Dataset entries
________

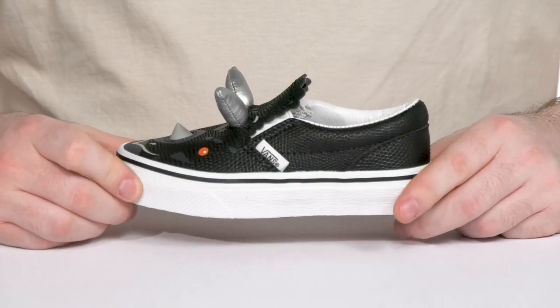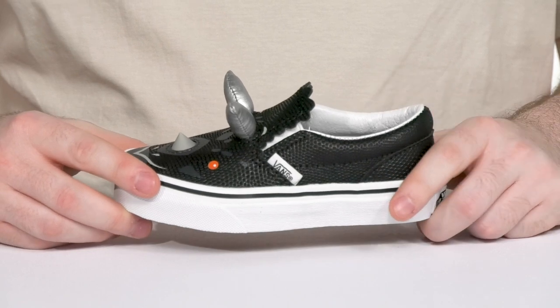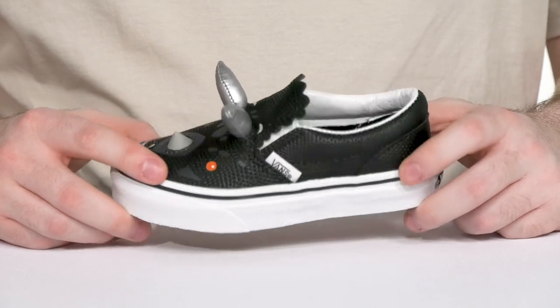Have your little one staying comfortable and showing off this adorable style from Vans. This dinosaur-themed low-profile slip-on is an iconic look that has a fun twist. The upper is made out of canvas and synthetic, keeping it cool with a fun textured design.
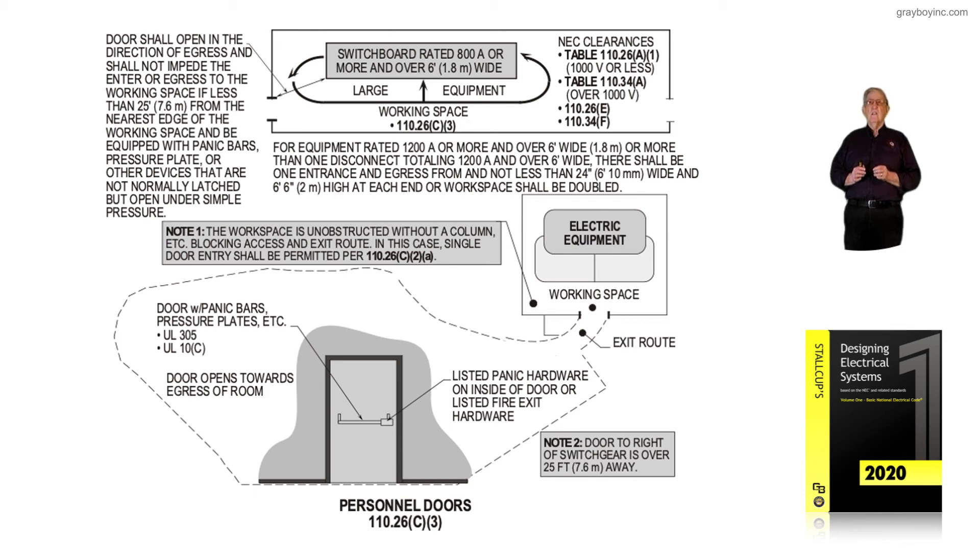Notice the NEC clearances referenced above — Table 110.26(A)(1) for 1,000 volts or less. If you are over 1,000 volts, the applicable rules would be 110.26(C) and 134.F for your clearance requirements. This illustration simply illustrates the requirements for personnel doors in accordance with 110.26(C)(3), requiring listed panic hardware or listed fire exit hardware per NEC 110.26(C)(3).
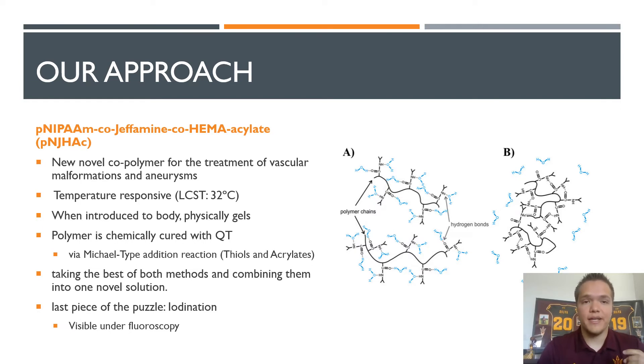There are two main issues with poly-NIPAM. One, physical gels undergo creep — when a polymer is under constant low-frequency stress, it will actually migrate away from its implantation site, which we don't want as it can cause downstream issues. Additionally, poly-NIPAM shrinks when it physically gelates, which is bad for permanently occluding aneurysms. We fix these issues by: one, including jeffamine and HEMA, which mitigates the effect of the NIPAM monomers pulling together and shrinking; and two, chemically cross-linking via Michael-type addition between thiols in QT and acrylate groups in our polymer.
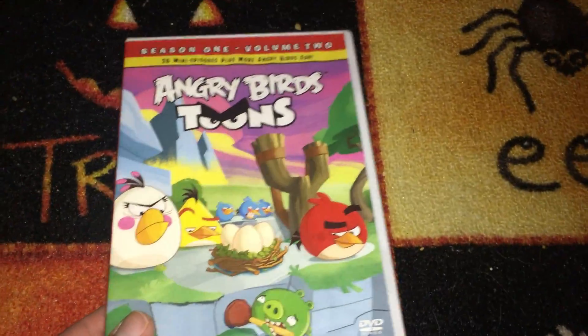Here's the front, there's the spine, and the back.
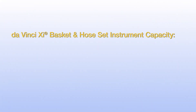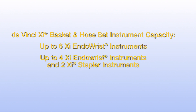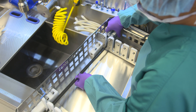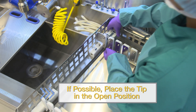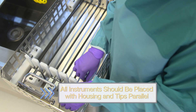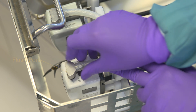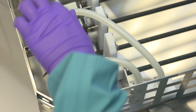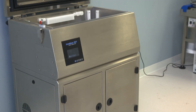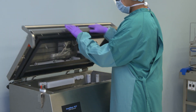The DaVinci XI basket and hose set holds up to 6 SI endo wrist instruments, or 4 SI endo wrist instruments and 2 SI stapler instruments. To begin loading, place the instrument on the supporting frame and, if possible, place the tip in the open position. All instruments should be placed with the housing and tip completely parallel. Connect the hose to the basket manifold until you hear a click, then connect the hose with metal tips to the flush port located on the mechanism housing of the instruments. Once the basket is properly loaded, gently place it inside the tank, aligning it with the guide rails, and secure into place.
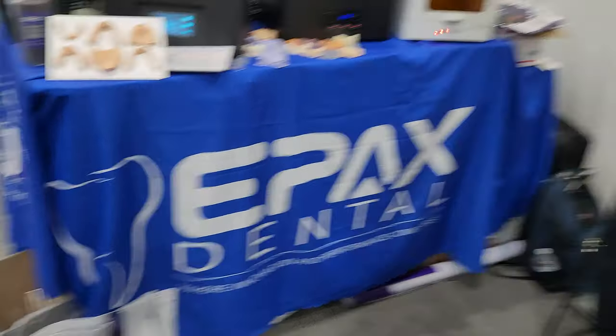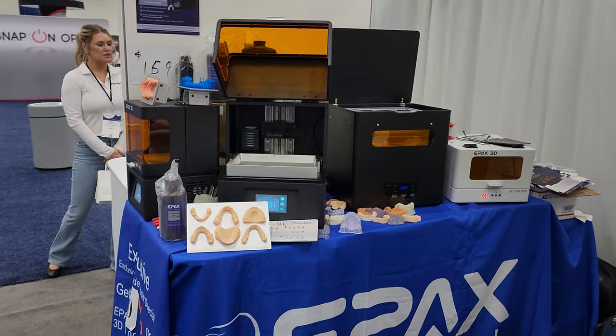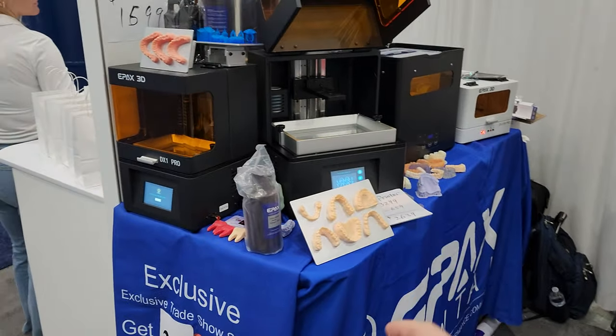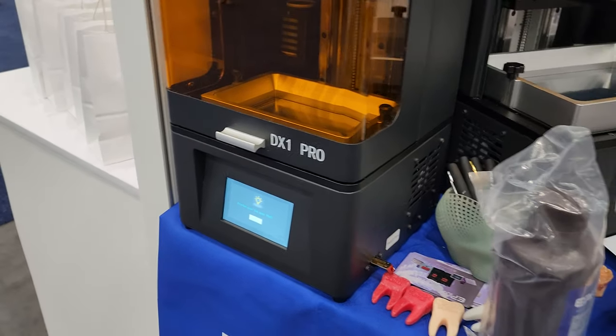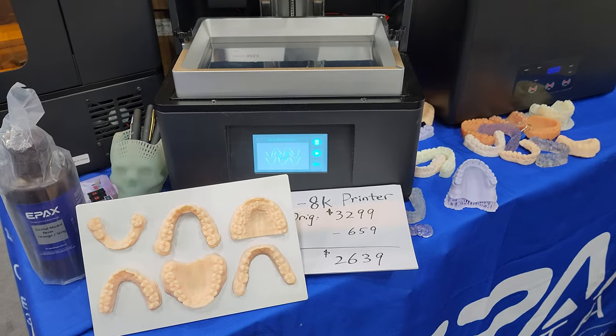Alright guys, I'm here at the Epax Dental booth and you can see it's nice and quiet over here. Very cool. I really like their display. You have a little booth like this and you have to make the most of your space, and they were able to kill it. They got a smaller model which is the VX1 Pro, and then you have this one here, which is the DX10 8K Pro.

________

**Problem details**
In the copy, include each entry exactly as written and none of the pictures.

**Written answer**
Have your little one staying comfortable and showing off this adorable style from Vans. This dinosaur-themed low-profile slip-on is an iconic look that has a fun twist. The upper is made out of canvas and synthetic, keeping it cool with a fun textured design.
Notice the NEC clearances referenced above — Table 110.26(A)(1) for 1,000 volts or less. If you are over 1,000 volts, the applicable rules would be 110.26(C) and 134.F for your clearance requirements. This illustration simply illustrates the requirements for personnel doors in accordance with 110.26(C)(3), requiring listed panic hardware or listed fire exit hardware per NEC 110.26(C)(3).
There are two main issues with poly-NIPAM. One, physical gels undergo creep — when a polymer is under constant low-frequency stress, it will actually migrate away from its implantation site, which we don't want as it can cause downstream issues. Additionally, poly-NIPAM shrinks when it physically gelates, which is bad for permanently occluding aneurysms. We fix these issues by: one, including jeffamine and HEMA, which mitigates the effect of the NIPAM monomers pulling together and shrinking; and two, chemically cross-linking via Michael-type addition between thiols in QT and acrylate groups in our polymer.
Here's the front, there's the spine, and the back.
The DaVinci XI basket and hose set holds up to 6 SI endo wrist instruments, or 4 SI endo wrist instruments and 2 SI stapler instruments. To begin loading, place the instrument on the supporting frame and, if possible, place the tip in the open position. All instruments should be placed with the housing and tip completely parallel. Connect the hose to the basket manifold until you hear a click, then connect the hose with metal tips to the flush port located on the mechanism housing of the instruments. Once the basket is properly loaded, gently place it inside the tank, aligning it with the guide rails, and secure into place.
Alright guys, I'm here at the Epax Dental booth and you can see it's nice and quiet over here. Very cool. I really like their display. You have a little booth like this and you have to make the most of your space, and they were able to kill it. They got a smaller model which is the VX1 Pro, and then you have this one here, which is the DX10 8K Pro.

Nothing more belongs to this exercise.